• [What to work on]: The expected result is a verbatim repetition of the lines from the start of the entries through the line containing "Medium Photo #1", with the pictures removed.

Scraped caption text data
--
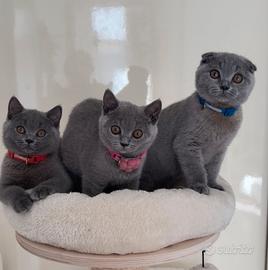 Scottish fold e straight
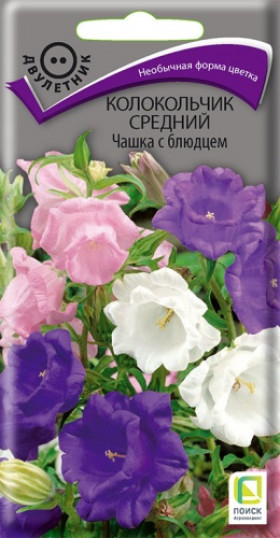 Чашка с блюдцем Ц(Поиск)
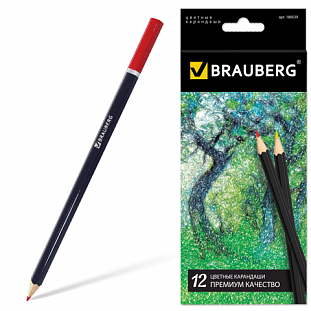   BRAUBERG 12 ,  , ,  , , 180539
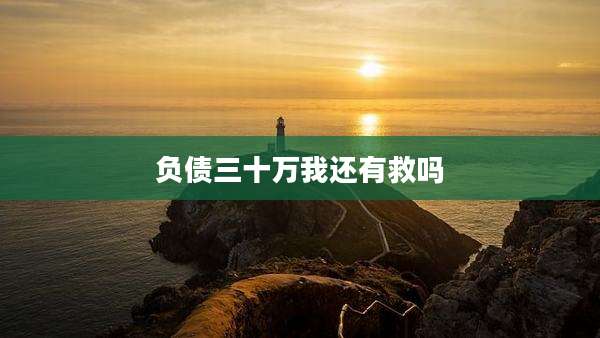 负债三十万我还有救吗
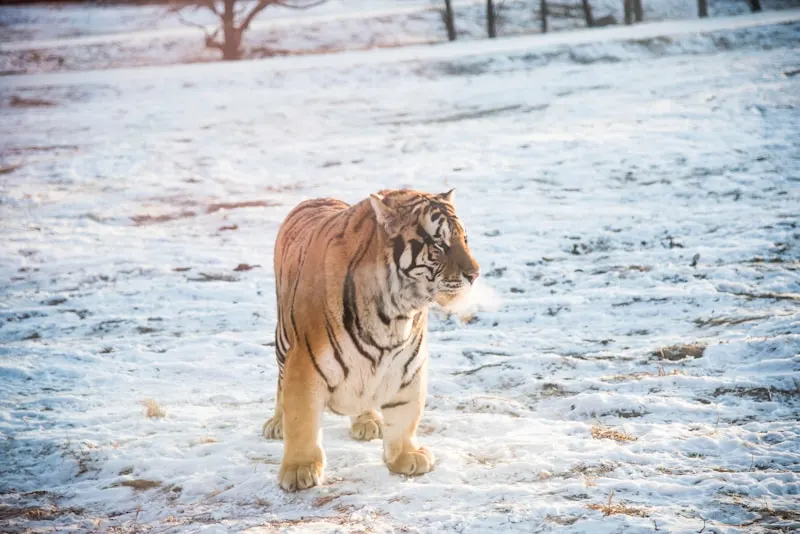 Siberian Tiger Park
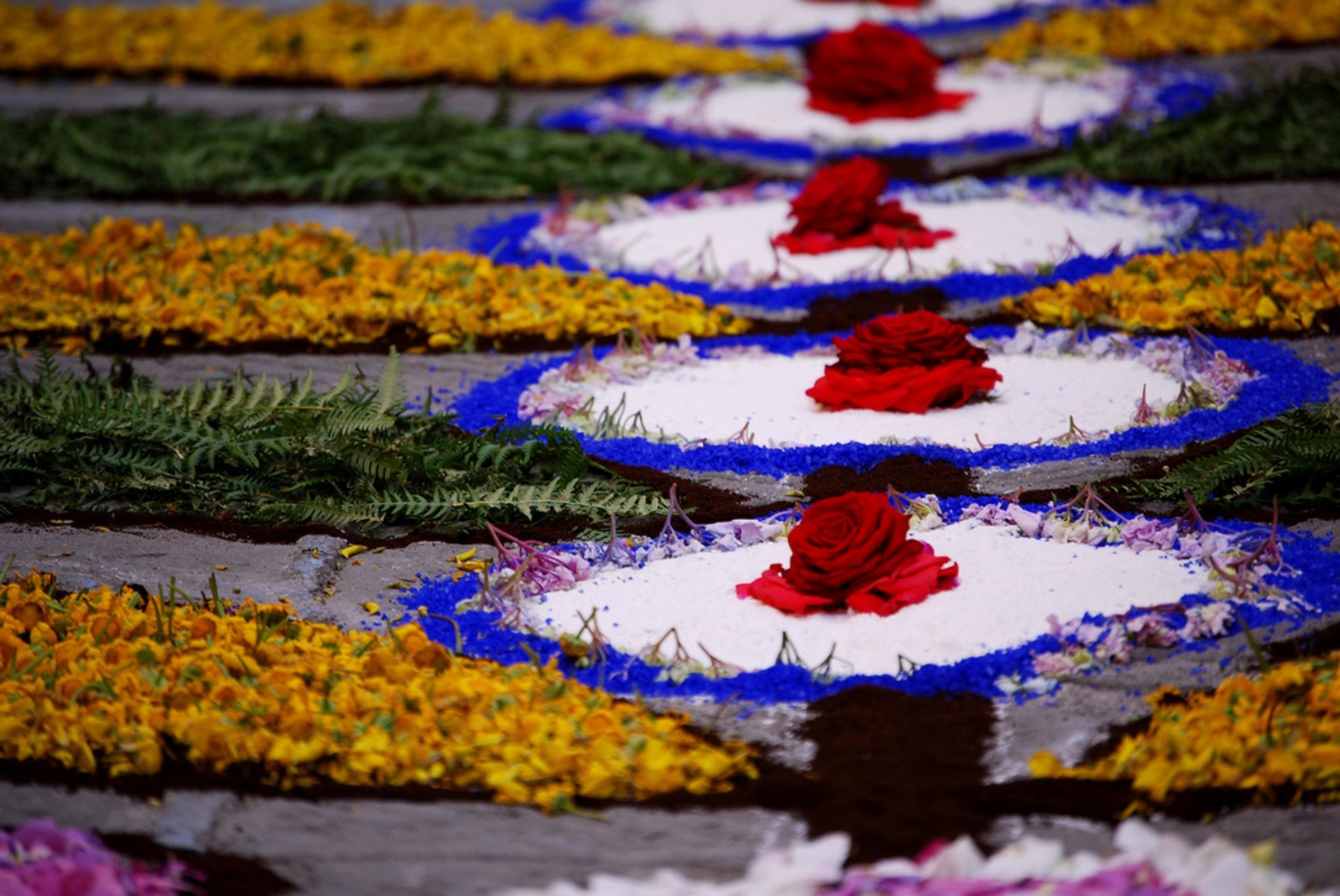 Flower Festival in India – May Flower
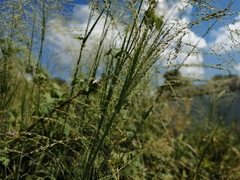 Poa palustris
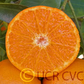 Yosemite Gold Mandarin Budwood citrus plant material online shopping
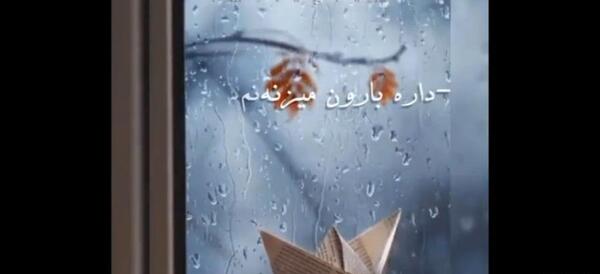 عکس بارانی زیبا جدید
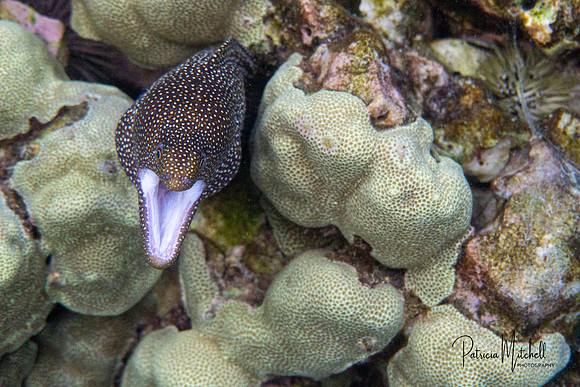 Moray (1 of 1)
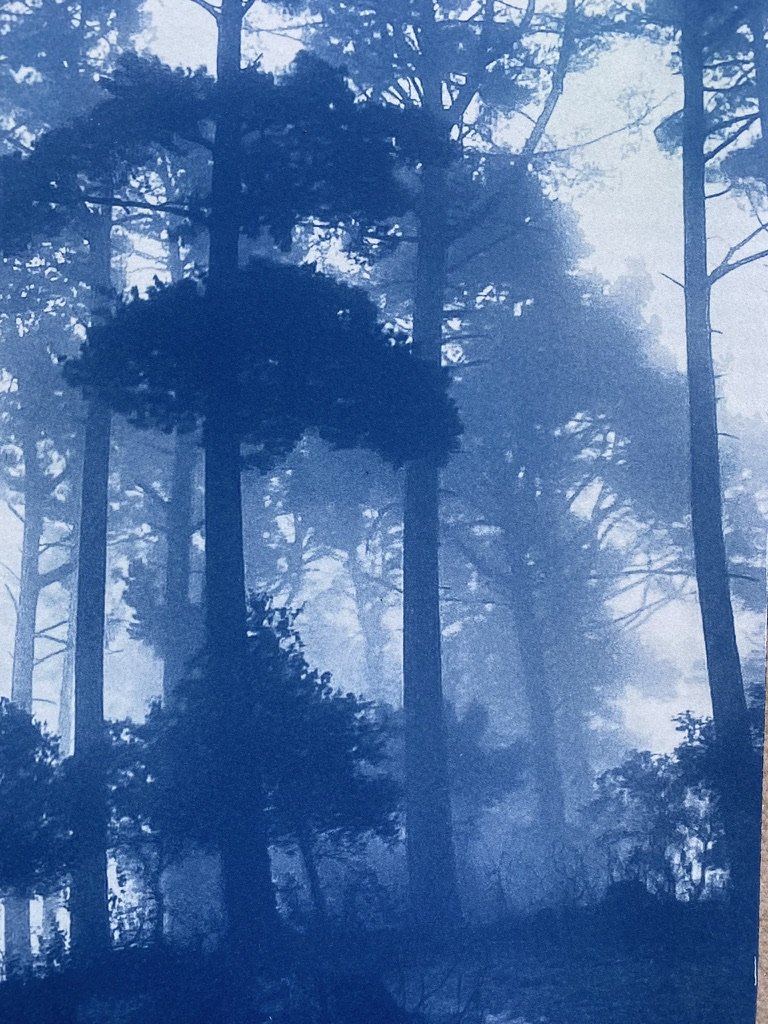 E0D3813B-BB04-488E-9A3E-24033587EA11_1_105_c.jpeg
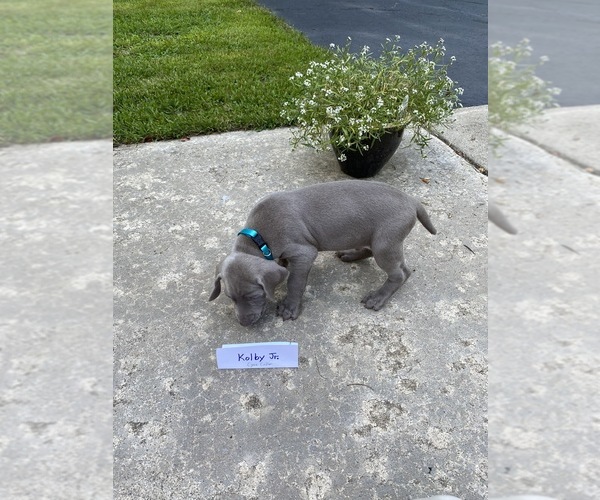 Medium Photo #1 Weimaraner Puppy For Sale in PESHTIGO, WI, USA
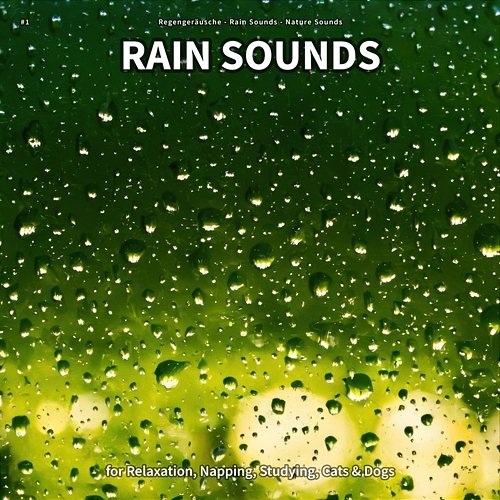 #1 Rain Sounds for Relaxation, Napping, Studying, Cats & Dogs Regengeräusche, Rain Sounds, Nature Sounds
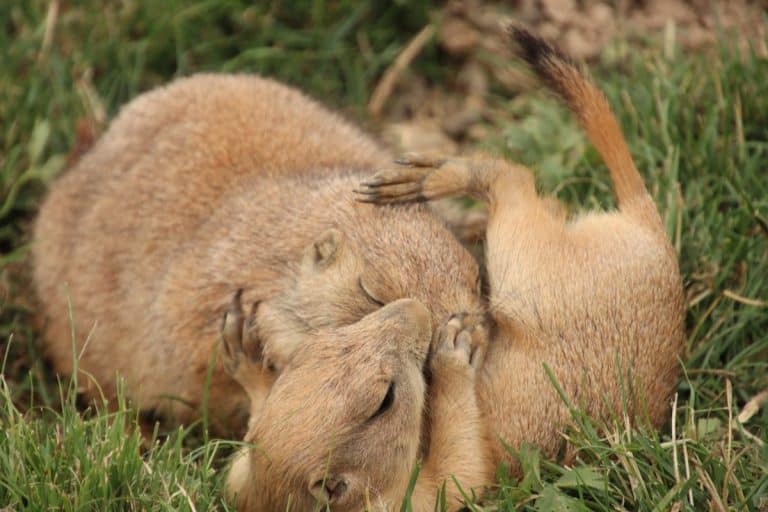 Gopher Prairie Dogs: The Secret Lives Of America'S Underground Architects - gck314i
--
• [Output of the exercise]:
 Scottish fold e straight
 Чашка с блюдцем Ц(Поиск)
   BRAUBERG 12 ,  , ,  , , 180539
 负债三十万我还有救吗
 Siberian Tiger Park
 Flower Festival in India – May Flower
 Poa palustris
 Yosemite Gold Mandarin Budwood citrus plant material online shopping
 عکس بارانی زیبا جدید
 Moray (1 of 1)
 E0D3813B-BB04-488E-9A3E-24033587EA11_1_105_c.jpeg
 Medium Photo #1 Weimaraner Puppy For Sale in PESHTIGO, WI, USA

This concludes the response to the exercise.